Lo más destacable es el incremento del déficit público y la deuda por el auxilio financiero. Este no es un fenómeno estrictamente nacional, sino que se ha ejercido en el mundo muchas veces antes, pero su principal característica es que en la Gran Recesión se está operando la mayor transfusión de riqueza con relación a cualquier otro momento histórico: nunca tantos dieron tanto dinero a tan pocos y tan ricos sin pedirles nada a cambio.
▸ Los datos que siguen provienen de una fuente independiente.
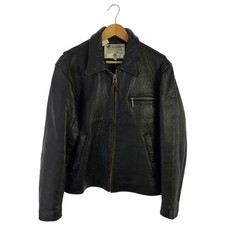 AVIREX Leather Blouson Jacket Zipper Size S Black From Japan 0104299K Authentic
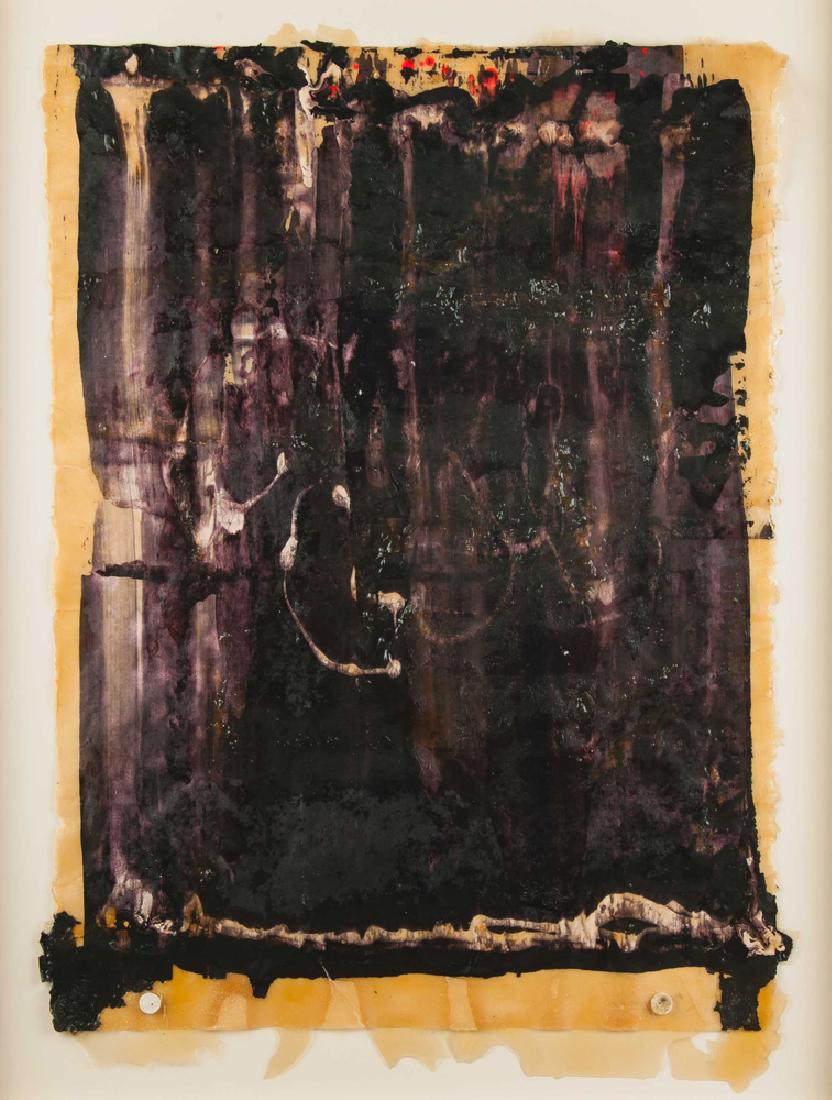 ED MOSES: "ABSTRACT": watercolor and resin on paper signed lower right 38 x 26 inches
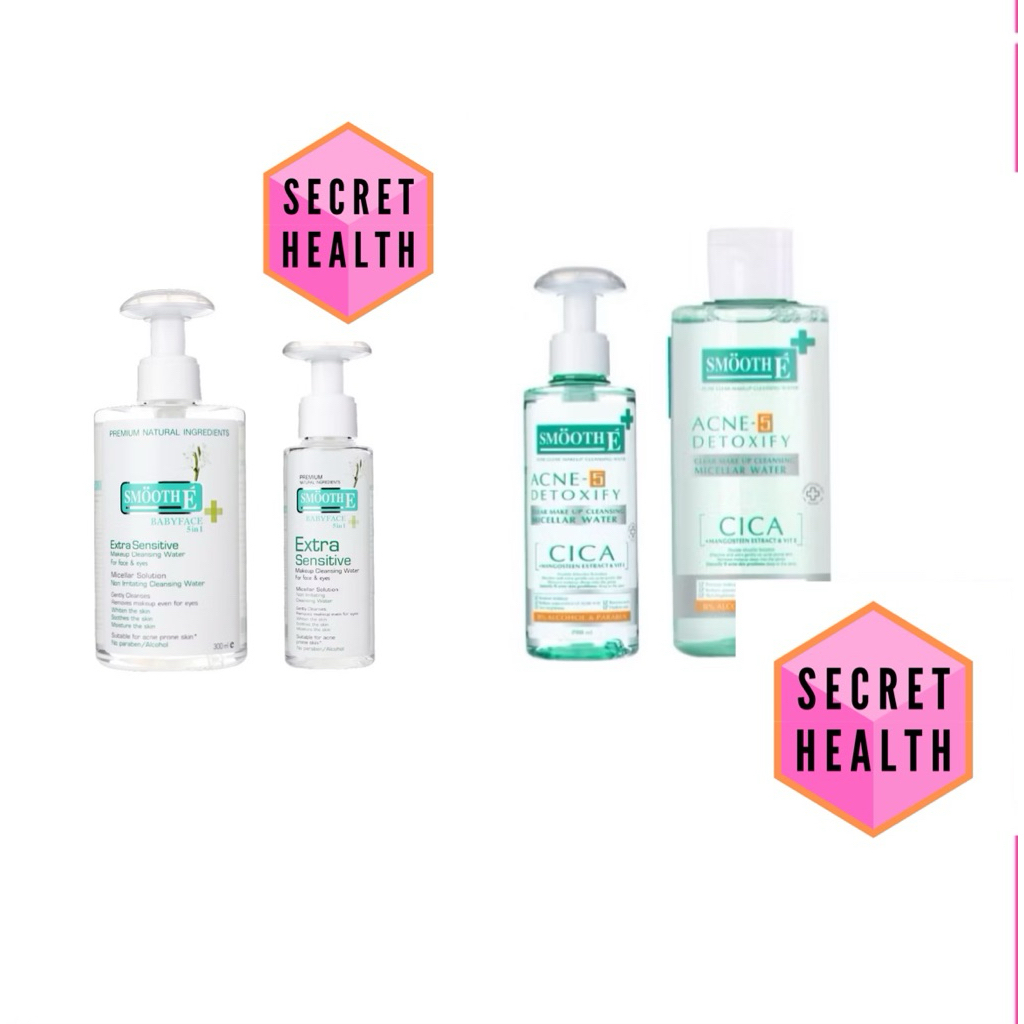 Smooth E Extra Sensitive Makeup Cleansing Water คลีนซิ่ง ล้างเครื่องสำอาง / Smooth E Acne-5 Clear Ma
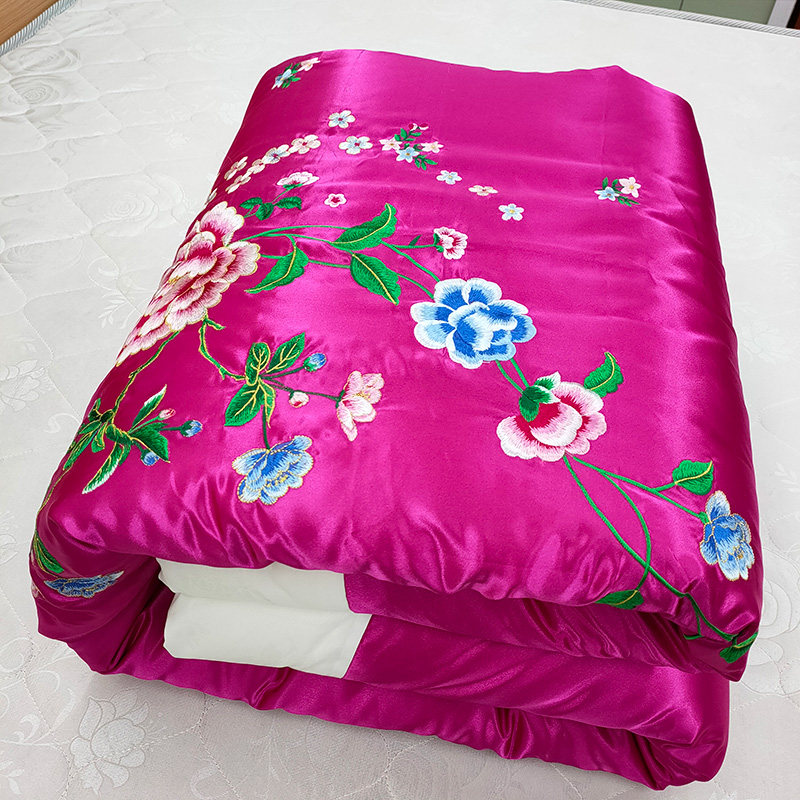 纯手工棉花被丝绸结婚被子新婚庆喜被陪嫁红色冬被春秋棉被芯定做,淘宝优惠券,粉丝福利购,淘宝优惠卷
Se ha dicho: hay que rescatar a los bancos para salvar a la economía, pero después de transferidos decenas de miles de millones de euros al sector financiero en forma de capitalización directa, avales, compra de activos, etcétera, la economía real no funciona. Según los datos publicados, la caída del crédito en España a las familias y empresas es la mayor en los últimos 50 años, desde que existen las series históricas.
3. Perspectiva comparada. Esa sensación mayoritaria (avalada por los datos) de que desde 2007 se ha gastado mucho más dinero en rescatar a los grandes bancos que en ayudar a los ciudadanos que se están quedando por el camino de la recesión, es un dato político de primera magnitud. Un comunicado reciente del Bank of America, una de las entidades más apoyadas por las distintas Administraciones americanas, dice que pagará 2.430 millones de dólares para cerrar una demanda colectiva de un grupo de inversores. Se trata de un acuerdo extrajudicial en el que el banco rechaza las acusaciones de irregularidad, pero lo asume bondadosamente porque dice que elimina incertidumbres y riesgos para sus accionistas.
Lo del Bank of America no es excepcional. Muchos bancos que abusaron con sus sofisticados y opacos productos financieros negocian las multas que tendrán que pagar por aquellos. En la mayor parte de los casos, esas multas son de una cuantía menor que los beneficios que cosecharon con sus prácticas ilícitas. El camino siempre es el siguiente: los bancos amenazan con una batalla jurídica interminable (tienen brigadas de bufetes de abogados a su servicio); a continuación se llega a un compromiso y los bancos pagan una multa sin admitir ni negar su culpabilidad. Además, prometen no volver a las andadas, pero nada más prometerlo se dedican a conductas similares. Otra vez se llevan una regañina (como la que acaba de echarles el FMI) y otra multa. Pero los incentivos perversos permanecen.
Es lo que Stiglitz ha denominado “el capitalismo granuja”.